木のスプーンとビアジョッキ

五月四日午後。イチゴでお腹いっぱいになった状態で、会津若松に到着。まずは飯盛山近くで焼き物のビアジョッキを取り扱うお店へ。しかし、地図のとおりにたどり着いてみると、そこは焼き物販売店ではなく、取扱商品は漆器。おかしいなあ、焼き物屋さんがなくなって漆器屋さんに変身したのかな、と言いながら、とりあえず漆器店内を確認。
店内を一巡しても、やはり焼き物はない。しかし、木のスプーンを見つけて、カレーライスを食べる時くらいのサイズのものと、同じくらいのサイズで先が平たいものと、もう少し小ぶりで丸みのあるものの三種類を買い求める。しばらく前に、それまで愛用していた木のスプーンの先が擦り切れて、何かを食べる時に使うと口にあたったときに痛い状態になり、食事用から調味料や茶葉を取り出すとき用にしたところだったから、新しく食事用の木のスプーンと出会えてうれしい。スプーンを袋に入れてくださるときに、お店の方が「おまけの茶托もよかったら使ってくださいね」と言って、漆器の茶托を一枚入れてくださる。
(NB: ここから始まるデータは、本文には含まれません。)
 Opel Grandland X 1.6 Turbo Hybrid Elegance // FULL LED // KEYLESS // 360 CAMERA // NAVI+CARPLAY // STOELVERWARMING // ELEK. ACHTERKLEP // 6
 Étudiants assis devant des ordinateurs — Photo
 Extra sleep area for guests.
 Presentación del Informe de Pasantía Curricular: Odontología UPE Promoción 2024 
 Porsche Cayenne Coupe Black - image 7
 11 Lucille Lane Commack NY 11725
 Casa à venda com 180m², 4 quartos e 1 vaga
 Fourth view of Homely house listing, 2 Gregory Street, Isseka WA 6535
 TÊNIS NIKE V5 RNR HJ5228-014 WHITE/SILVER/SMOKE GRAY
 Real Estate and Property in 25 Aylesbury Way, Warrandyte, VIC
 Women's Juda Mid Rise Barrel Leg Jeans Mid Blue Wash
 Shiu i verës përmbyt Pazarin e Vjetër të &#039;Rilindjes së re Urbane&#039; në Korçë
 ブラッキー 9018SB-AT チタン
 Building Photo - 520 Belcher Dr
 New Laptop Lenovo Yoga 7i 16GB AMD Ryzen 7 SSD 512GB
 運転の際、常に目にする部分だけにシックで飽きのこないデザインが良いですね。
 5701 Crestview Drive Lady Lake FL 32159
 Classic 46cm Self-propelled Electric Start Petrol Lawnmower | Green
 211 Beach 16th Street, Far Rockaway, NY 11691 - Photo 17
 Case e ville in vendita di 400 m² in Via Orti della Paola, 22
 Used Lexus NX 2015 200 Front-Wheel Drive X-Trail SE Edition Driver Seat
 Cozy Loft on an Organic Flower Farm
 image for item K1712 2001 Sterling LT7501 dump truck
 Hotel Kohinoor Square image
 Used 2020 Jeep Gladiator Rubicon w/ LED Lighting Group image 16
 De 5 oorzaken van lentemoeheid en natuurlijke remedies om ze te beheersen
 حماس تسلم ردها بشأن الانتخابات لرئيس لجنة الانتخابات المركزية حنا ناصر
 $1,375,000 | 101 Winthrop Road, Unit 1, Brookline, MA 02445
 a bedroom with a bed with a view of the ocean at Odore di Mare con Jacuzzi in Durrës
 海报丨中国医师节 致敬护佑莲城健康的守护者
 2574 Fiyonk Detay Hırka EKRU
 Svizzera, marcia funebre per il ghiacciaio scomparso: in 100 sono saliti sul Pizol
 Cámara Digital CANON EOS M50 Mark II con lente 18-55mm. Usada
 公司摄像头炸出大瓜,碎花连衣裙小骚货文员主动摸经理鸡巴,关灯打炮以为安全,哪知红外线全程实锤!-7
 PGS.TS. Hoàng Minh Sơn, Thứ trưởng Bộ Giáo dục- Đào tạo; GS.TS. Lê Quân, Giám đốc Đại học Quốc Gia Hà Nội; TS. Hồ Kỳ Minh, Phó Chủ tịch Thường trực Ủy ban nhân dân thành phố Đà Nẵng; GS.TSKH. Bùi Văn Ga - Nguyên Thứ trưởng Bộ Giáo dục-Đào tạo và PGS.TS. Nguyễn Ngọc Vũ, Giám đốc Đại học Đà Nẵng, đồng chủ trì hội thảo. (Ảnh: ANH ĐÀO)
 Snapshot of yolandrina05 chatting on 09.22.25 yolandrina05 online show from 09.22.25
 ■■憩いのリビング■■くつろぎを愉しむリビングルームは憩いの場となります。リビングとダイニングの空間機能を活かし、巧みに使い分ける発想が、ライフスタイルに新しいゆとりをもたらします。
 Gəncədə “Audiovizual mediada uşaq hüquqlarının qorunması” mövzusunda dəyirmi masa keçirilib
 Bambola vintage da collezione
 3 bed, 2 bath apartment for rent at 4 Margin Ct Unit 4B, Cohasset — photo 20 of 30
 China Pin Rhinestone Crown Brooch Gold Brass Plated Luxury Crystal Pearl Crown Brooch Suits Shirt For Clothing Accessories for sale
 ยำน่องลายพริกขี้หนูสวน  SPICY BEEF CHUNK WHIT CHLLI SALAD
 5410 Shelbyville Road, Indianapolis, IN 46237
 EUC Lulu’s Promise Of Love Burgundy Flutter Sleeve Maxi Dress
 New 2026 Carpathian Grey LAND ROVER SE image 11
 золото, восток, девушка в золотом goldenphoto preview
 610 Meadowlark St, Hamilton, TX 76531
漆器屋さんを出て、お店の前の道路を会津若松駅方向に向かったとき、目の前に焼き物の取扱店があることに気づく。漆器屋さんの斜め向かいにあたる位置。おお、こんなところに、と言いながらそのお店に入り、焼き物のビアジョッキをふたつ、紺色のものをひとつと、灰色のものをひとつ、買い求める。(自宅帰宅後に容量を計量してみたら約400ccであった。)きちんと珈琲や紅茶のためのマグカップも置いてはあるのだけど、それではわたしには容量が少なすぎるので、ビアカップをマグカップとして使用する。これで毎朝豆乳紅茶を飲むのが便利になるのがうれしいな。
焼き物を取り扱うお店は、焼き物以外の土産物も多種多様に取り扱っている。おみやげ用お菓子の中に、昨夜泊まった西山温泉のウェルカム菓子として食べて美味しかった「ごまみそせんべい」がある。職場のみんなへのおみやげはこれにしよう、と決めてそれを二箱購入。「せんべい」とはいっても、食べてみるとほのかに味噌の香りがする胡麻の味が濃いクッキーのようなかんじ。次の出勤日までまだ日にちがあるけれど、これなら日持ちがするのが助かる。
買いたかったものを買い揃えて、はあ、福島県でいっぱいお金を使ったな、という充実感を携えて、会津若松駅に向かう。駅の駐車場に車を停めて、駅の中の観光案内所に出向く。
「この近隣の宿泊施設の一覧をいただけますか」と係の人にお願いして、宿泊施設資料を一枚もらう。「それから、この近くに薬局かお薬屋さんがあれば名前と場所を教えてください」と頼むと、近隣道路地図を出してきてくださり、ここからこう歩いてこう行ったところにこういう名前の薬局があります、と案内してくださる。ありがとうございました、とお礼を伝えて車中に戻る。
駐車場の車の中から、まずは駅前の東横インに電話してみるが満室。連休中でもあることだし難しいかしら、と思いながら、では、と、部屋数の少ない地元の民宿風旅館に電話してみると、まったく問題なく空室あり。ただし事前予約ではないので食事の仕込みに間に合わないから素泊まりならば、ということ。もともと食事は外食するつもりで素泊まりを希望していたから「はい。素泊まりが希望なんです」と予約完了。チェックインは四時からとのことだけれども、車だけ宿の駐車場に先に停めてもいいですか、と訊くと「どうぞ」とのことなので、そのまま宿に向かう。
個人宅の庭先風の駐車場の一番奥に車を停めて、荷物は車の中に置いたまま、車の鍵だけ宿のフロントに預ける。それから、そろそろ食べたいと思っていたお蕎麦をどこかで食べよう、という計画の実行と、薬局での買い物を目指して歩き出す。
会津若松のはじまり、はじまり。